Realizou-se, então, a audiência de julgamento, na qual se procedeu à gravação da prova testemunhal produzida, finda a qual se fixou, através do Despacho de fls. 172/178, por referência à base instrutória, a matéria de facto provada. Fundamentando a resposta (conjunta) aos quesitos 1º, 2º, 3º, 4º, 5º e 8º[ 1º O R. manteve com a [mãe do A.] um relacionamento amoroso, concretizado em relações sexuais completas? 2º Desde há mais de 10 anos? 3º Sempre que o réu realizava serviços para a [mãe do A.] ou a encontrava casualmente, convidava-la para manterem relações sexuais? 4º O que se concretizava? 5º Os comportamentos referidos em 1º a 4º ocorreram, também, nos meses de Janeiro a Setembro de 1998? 8º O relacionamento sexual da [mãe do A.] com o réu foi exclusivo, sendo apenas com o réu que a [mãe do autor] manteve relações sexuais nos primeiros 120 dias dos 300 que precederam o nascimento do [autor]?] [ Resposta que foi: “Provado apenas que em virtude dos serviços que realizava para a mãe do menor A... […], o réu encontrava-se várias vezes com a B...na residência desta e nas suas propriedades, tendo com a mesma mantido relações sexuais pelo menos nos primeiros 120 dias dos 300 que precederam o nascimento do menor.”], disse-se nesse Despacho: “[…] A convicção do tribunal no sentido de que o réu manteve relações sexuais com a B... pelo menos nos primeiros 120 dias dos 300 que precederam o nascimento do menor, assentou nas regras da experiência comum, à luz das quais e socorrendo-se do disposto no artigo 351º do Código Civil, se entendeu presumir a existência de tal relacionamento, conjugando o facto objectivo de a B... e o réu se conhecerem, trabalharem juntos e se encontrarem com bastante frequência durante o período que antecedeu o nascimento do menor, quer na residência daquela, quer nas propriedades agrícolas onde trabalhavam, com a persistente recusa por parte do réu em se submeter aos exames de sangue.

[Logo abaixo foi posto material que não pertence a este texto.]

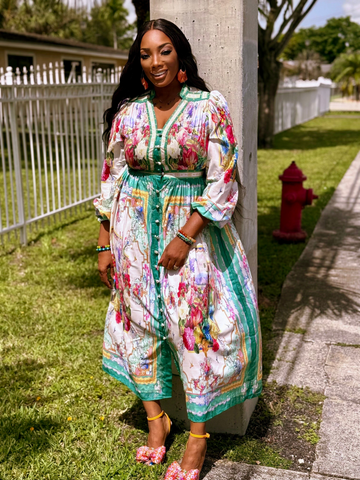 Bathsheba maxi dress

Estabelece o artigo 519º, nº 2, 2ª parte do Código de Processo Civil, para além do mais, que se aquele que recuse a colaboração for parte, o tribunal apreciará livremente o valor da recusa para efeitos probatórios, recusa essa que, no caso do réu, evidencia, no entender do tribunal, que este se considera, no plano subjectivo, como o verdadeiro pai biológico do menor A..., recusando a feitura do exame com o fundado receio de que o seu resultado venha a comprovar esse facto.

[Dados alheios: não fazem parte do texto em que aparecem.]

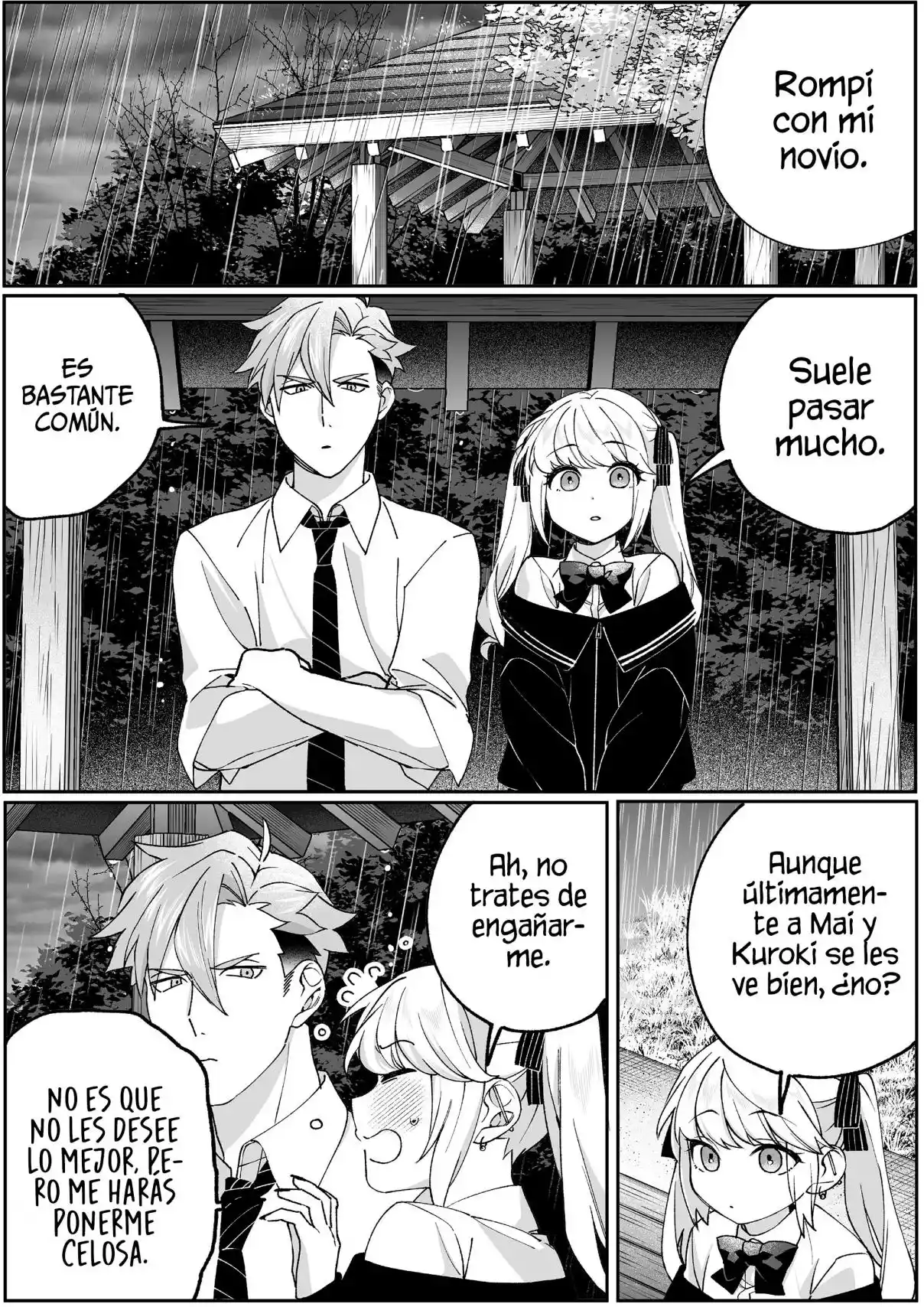Esa Chica Es Linda... ¿pero Peligrosa? - Capítulo 81 - Página 10 - LectorTMOo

[…]” [transcrição de fls. 175/176] E, depois de lembrar as sucessivas recusas do R. em se submeter a exame, culminando com a já referida recusa expressa, acrescentou-se nessa fundamentação: “Com tal actuação e sem invocar uma causa legítima para a sua recusa, sem dúvida que o réu inviabilizou ao autor a produção de um meio de prova de especial relevância sobre um facto essencial para o julgamento da causa.
Entende assim este tribunal que há que extrair consequências da recusa assumida pelo pretenso progenitor em fazer os exames com vista à averiguação da paternidade do menor A..., o qual apostando objectivamente na eventual escassez e/ou fragilidade da prova testemunhal, no facto de a mãe do menor ter outros filhos sem a paternidade estabelecida e sabendo, como sabia, nunca ter sido assumido publicamente qualquer relacionamento amoroso com a mãe do menor, optou assim por inviabilizar a utilização de tal meio de prova.

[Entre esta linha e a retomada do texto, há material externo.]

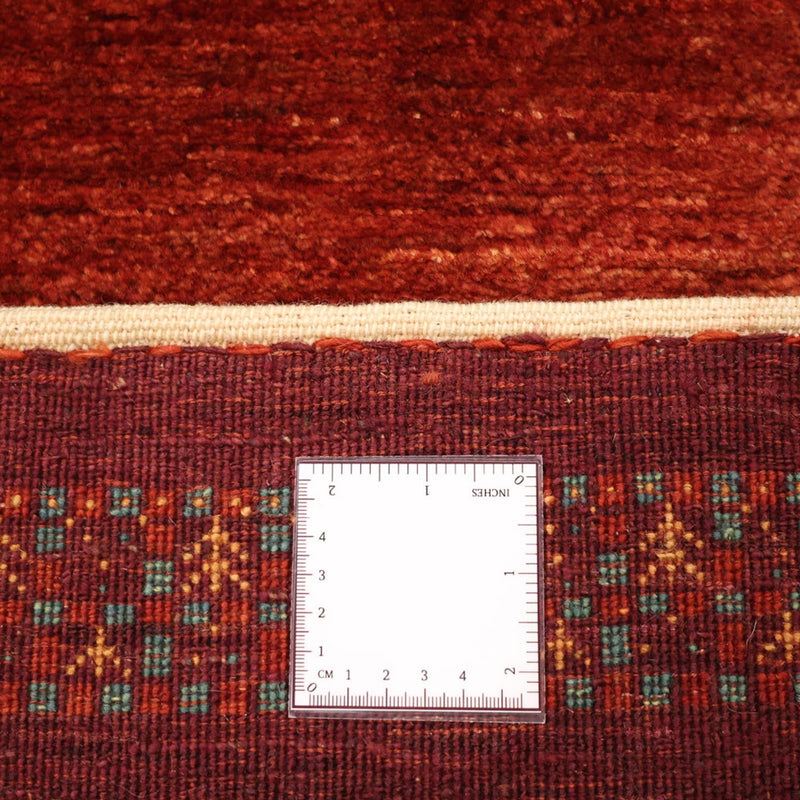 Gabbeh Teppich - Kaschkuli Perser - 145 x 78 cm - dunkelrot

[…] Por tudo o exposto, valorando a recusa do réu nos termos supra referidos e conjugando a mesma com a demais prova testemunhal produzida, a qual permitiu apurar que a B...e o réu se encontraram com bastante frequência, quer na residência daquela, quer nas propriedades agrícolas onde trabalhavam, durante o período que antecedeu o nascimento do menor, entendeu o tribunal, à luz das regras da experiência, o aludido relacionamento sexual entre a mãe do menor e o réu, pelo menos, nos primeiros 120 dias dos 300 que precederam o seu nascimento.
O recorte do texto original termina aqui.